When I first started cruising—before GPS—my brother bought an inexpensive, plastic sextant. Soon after, I decided I should learn how to use it. So, in a flat calm, I took a noon sighting of the sun, marked our latitude and longitude on a chart, and learned that we were in Summit, New Jersey. There were only a few problems. Summit is landlocked. It’s 9 miles from the nearest body of navigable water and 25 miles to the northwest of Sandy Hook, New Jersey, where we were anchored. I’d like to blame the cheap sextant, or our timepiece, but the experience made it very clear to me that it wasn’t easy to use a sextant.

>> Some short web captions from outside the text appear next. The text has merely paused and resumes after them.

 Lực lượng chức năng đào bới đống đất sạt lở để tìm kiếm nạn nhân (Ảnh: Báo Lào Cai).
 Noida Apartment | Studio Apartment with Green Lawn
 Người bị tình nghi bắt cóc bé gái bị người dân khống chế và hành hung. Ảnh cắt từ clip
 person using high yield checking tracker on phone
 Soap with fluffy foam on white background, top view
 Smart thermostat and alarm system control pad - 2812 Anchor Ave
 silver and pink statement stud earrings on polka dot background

So, imagine sailing around the world with just a sextant, a chronometer and paper charts on a 36-foot boat, and as she rolls in the waves of the Southern Ocean, you need to take a sighting. No GPS. No satellite communications. No electronic chartplotters. No weather reports.

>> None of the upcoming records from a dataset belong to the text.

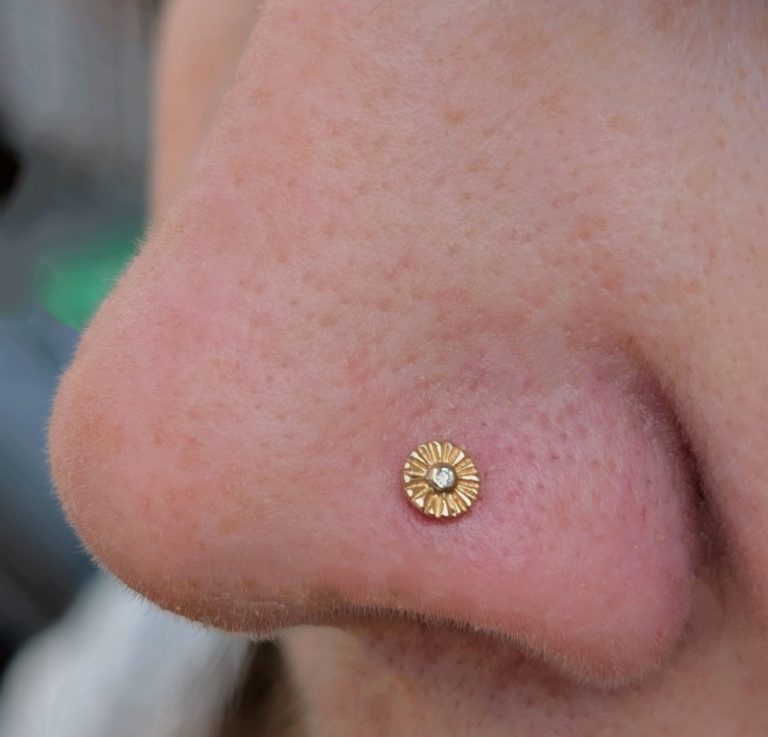 gold stud in nose piercing nose piercing featuring a small gold flower stud by local natives.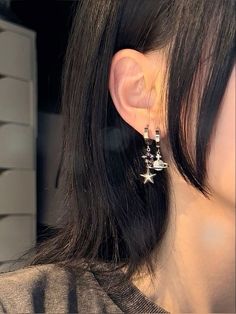 a close up of a person's ear wearing some kind of star shaped earrings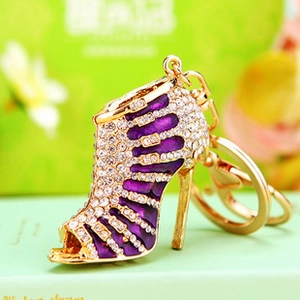 Close-up of sparkling purple rhinestone high heel keychain with golden metal ring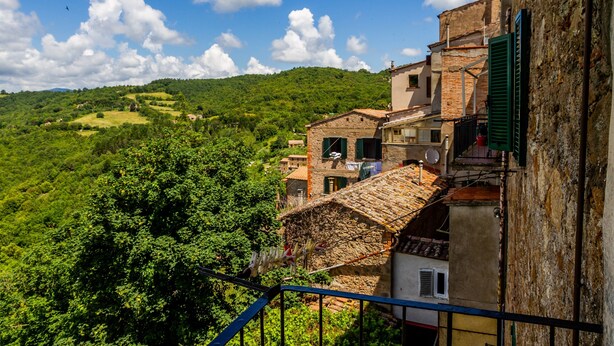 Un village perché sur une colline, avec ses bâtiments traditionnels en pierre, un balcon offrant une vue imprenable et un ciel d’un bleu éclatant.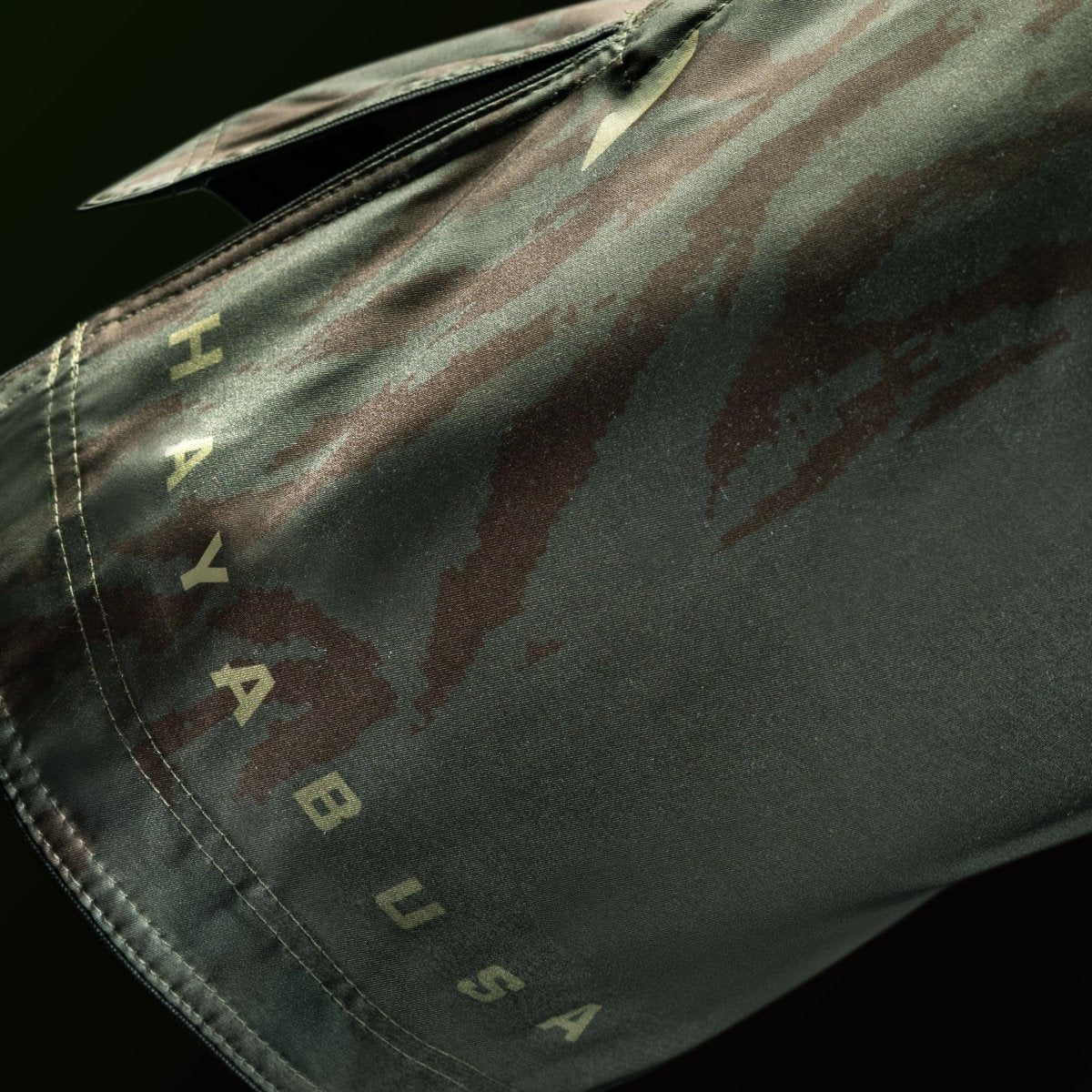 Detalle de los gráficos y la escritura Hayabusa en la pernera del short tres cuartos verde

That’s what 73-year-old French sailor Jean-Luc van den Heede did. And in January, after circling the planet in 211 days and 23 hours, he found his way back to Les Sables-d’Olonne, France, to win the Golden Globe Race 2018.
By any standard, sailing around the world alone, nonstop, is an amazing feat. Van den Heede did it using a sextant, which makes the accomplishment even more admirable.

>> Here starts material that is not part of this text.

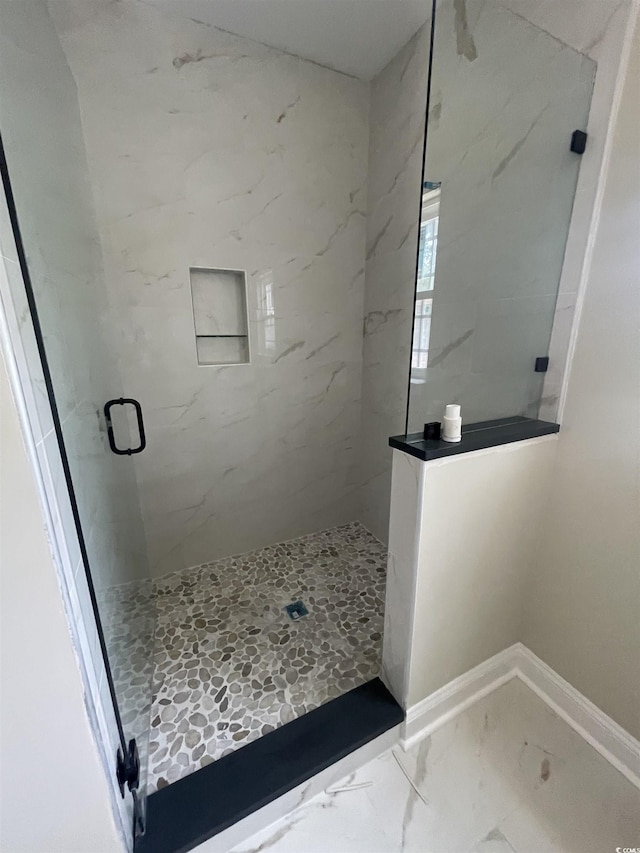 721 10th Ave S, Surfside Beach, SC 29575 - bathroom with a marble finish shower and marble finish floors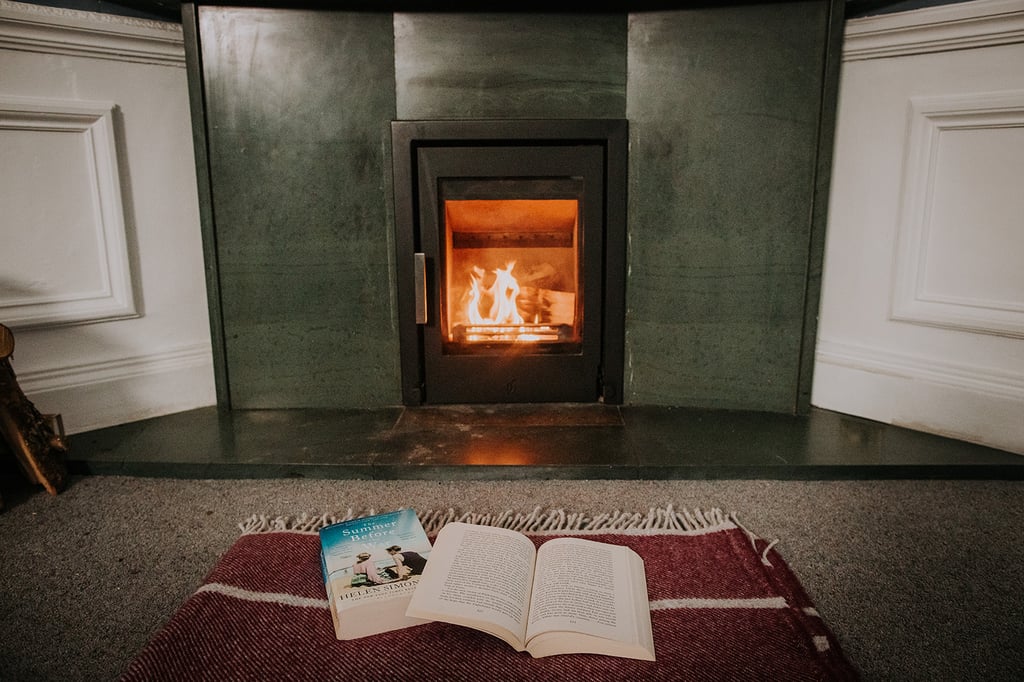 the log burner in the pheasant lodge lounge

Van den Heede was not the only one to do so. On July 1, 2018 competitors started the race with sextants as their main means of navigating. The rules stipulated that entrants had to use a similar boat and the same technology that was available to Robin Knox-Johnston when he won the first and only Golden Globe Race in 1969. It might seem foolhardy to set out to sea without modern technology, but the 2018 rules were created to keep costs down and increase participation. For safety’s sake, each boat was outfitted with a satellite tracking system (that the skippers couldn’t see), a satellite text paging unit (for brief daily communications with headquarters), two satellite phones (for weekly check-ins only) and a sealed portable GPS (for emergencies).
Sextants were used for more than 250 years, until GPS largely replaced them in the 1980s. One could argue that what van den Heede and the other sailors did was no big deal, or that sextants are archaic and unnecessary. The U.S. Naval Academy decided in 2006 that sextants were no longer needed, but in 2016, it dusted off the sextants and started teaching celestial navigation again because the U.S. Navy did not have a reliable backup to GPS.
That move raises interesting questions. What skills do you need to sail offshore, and what equipment is essential? If the U.S. Navy returned to using sextants, and van den Heede and the Golden Globe Race competitors got around the globe using them, should other sailors pick them up as well? Those who want to set out to sea should think about that, or they could find themselves on the hard in Summit, New Jersey.